▶ **Task inputs**:
════════

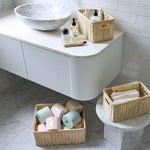 Load image into Gallery viewer, Marlowe Storage Basket Set
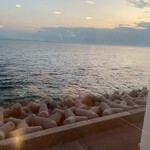 まるは食堂旅館 - 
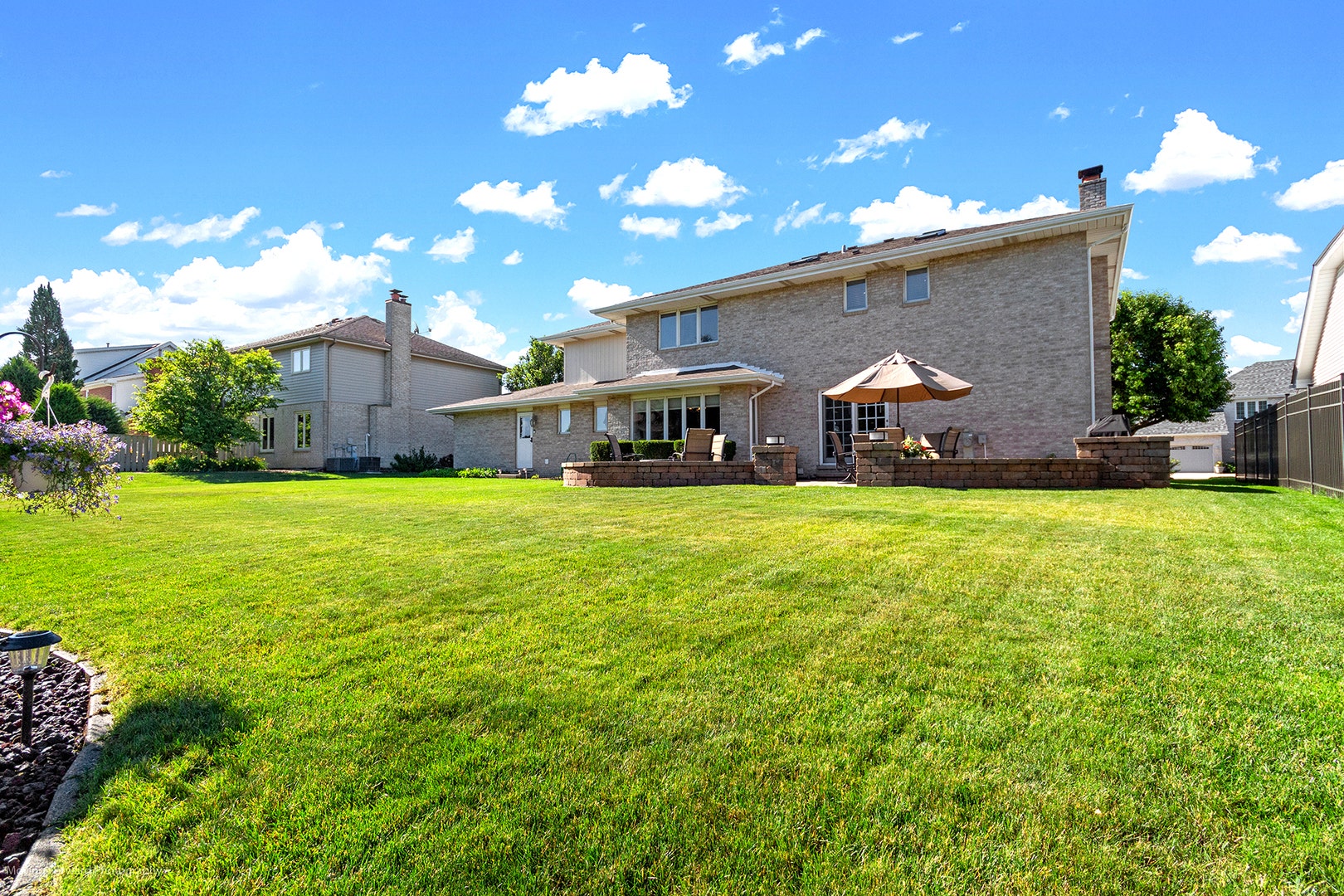 7824 Sea Pines Road, Orland Park, IL 60462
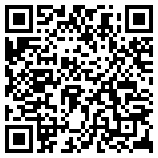 QR Code for Davis Larry W in VAN BUREN, IN 46991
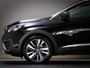 Peugeot 5008 1.6 PureTech Allure (7-PERSOONS, TREKHAAK, ACHTERUITRIJCAMERA, APPLE CARPLAY / ANDROID AUTO, NAVIGATIESYSTEEM, NAP)
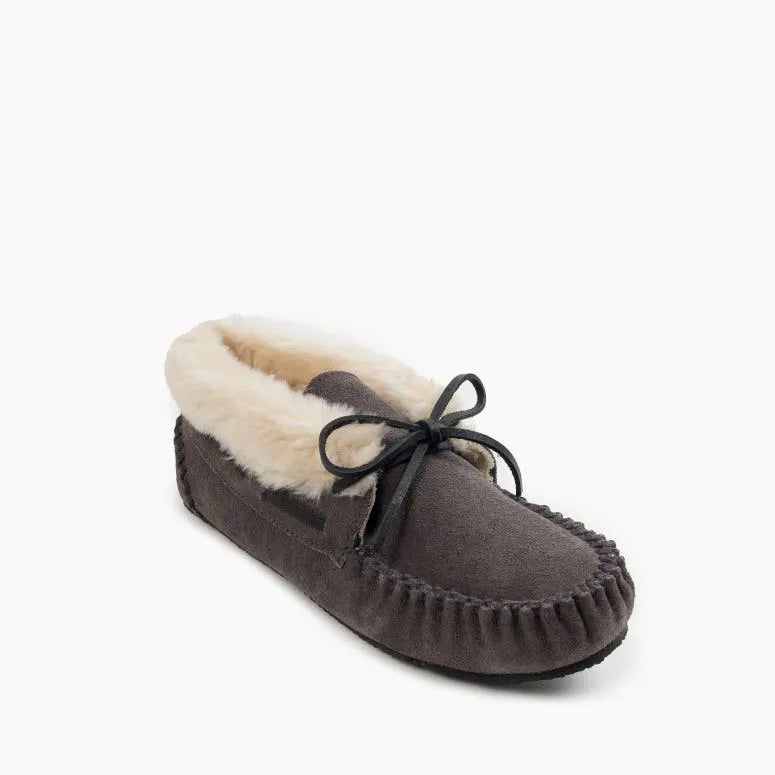 Women's Chrissy - Limited Edition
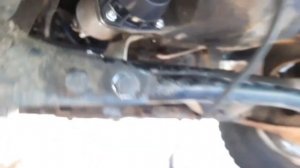 УСТАНОВКА ЭЛЕКТРОПОДОГРЕВАТЕЛЯ НА АВТО подробно ПАДЖЕРО СПОРТ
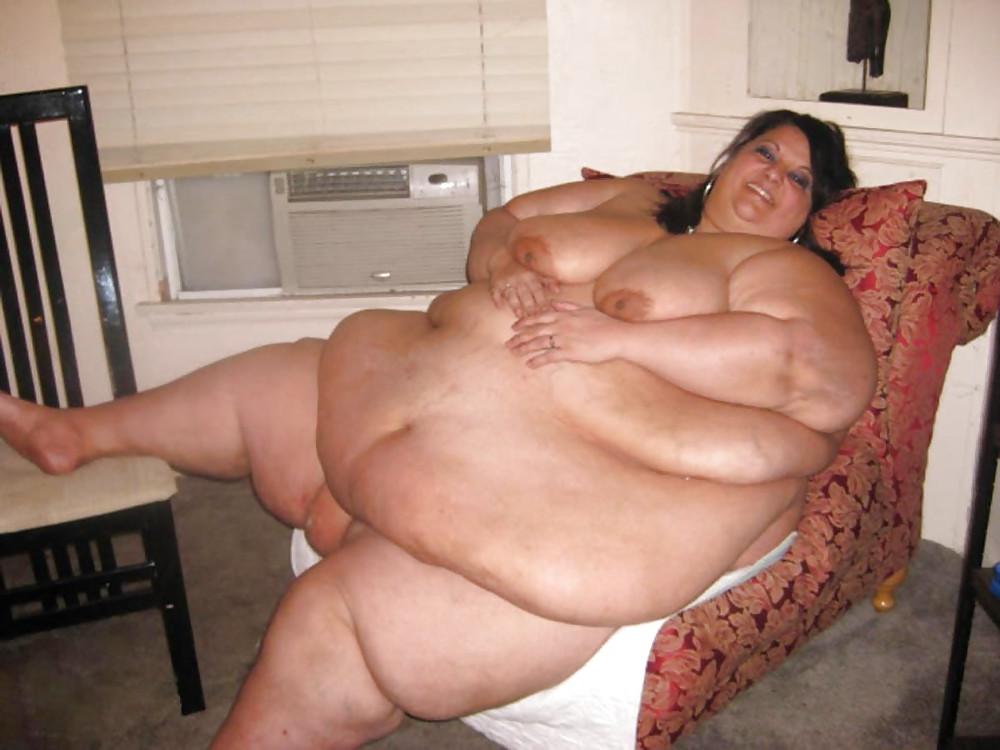 10P Ssbbw 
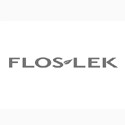 FlosLek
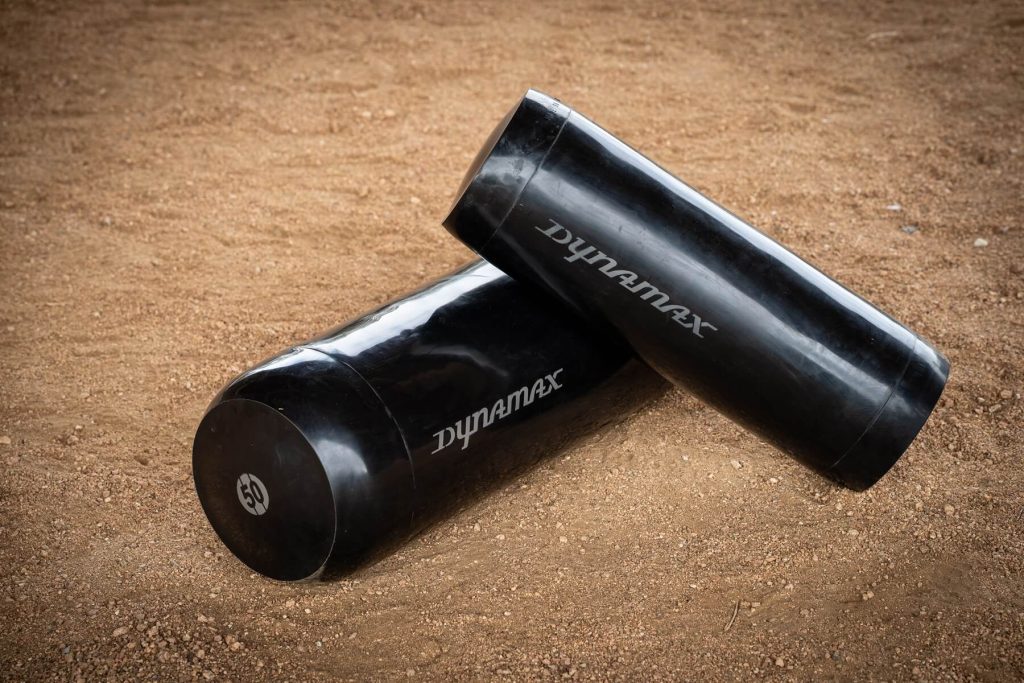 SLOG MINI | Functional Strength Training | Shop With Us Now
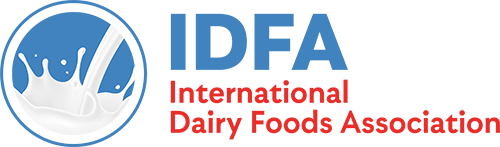 美国华盛顿国际乳制品展览会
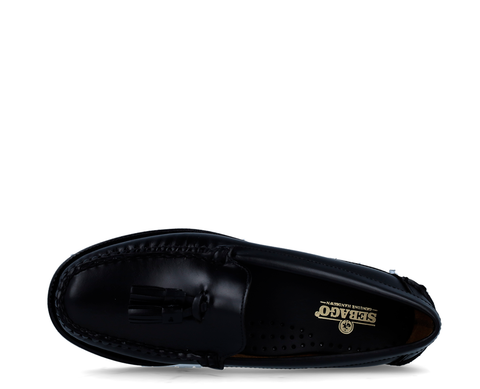 Sebago Mocasin Classic Will PR - 7001560-902-240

════════

▶ **Goal of the exercise**: Please reproduce every entry above exactly, but leave out the pictures.

▶ **Response**:
 Load image into Gallery viewer, Marlowe Storage Basket Set
 まるは食堂旅館 - 
 7824 Sea Pines Road, Orland Park, IL 60462
 QR Code for Davis Larry W in VAN BUREN, IN 46991
 Peugeot 5008 1.6 PureTech Allure (7-PERSOONS, TREKHAAK, ACHTERUITRIJCAMERA, APPLE CARPLAY / ANDROID AUTO, NAVIGATIESYSTEEM, NAP)
 Women's Chrissy - Limited Edition
 УСТАНОВКА ЭЛЕКТРОПОДОГРЕВАТЕЛЯ НА АВТО подробно ПАДЖЕРО СПОРТ
 10P Ssbbw 
 FlosLek
 SLOG MINI | Functional Strength Training | Shop With Us Now
 美国华盛顿国际乳制品展览会
 Sebago Mocasin Classic Will PR - 7001560-902-240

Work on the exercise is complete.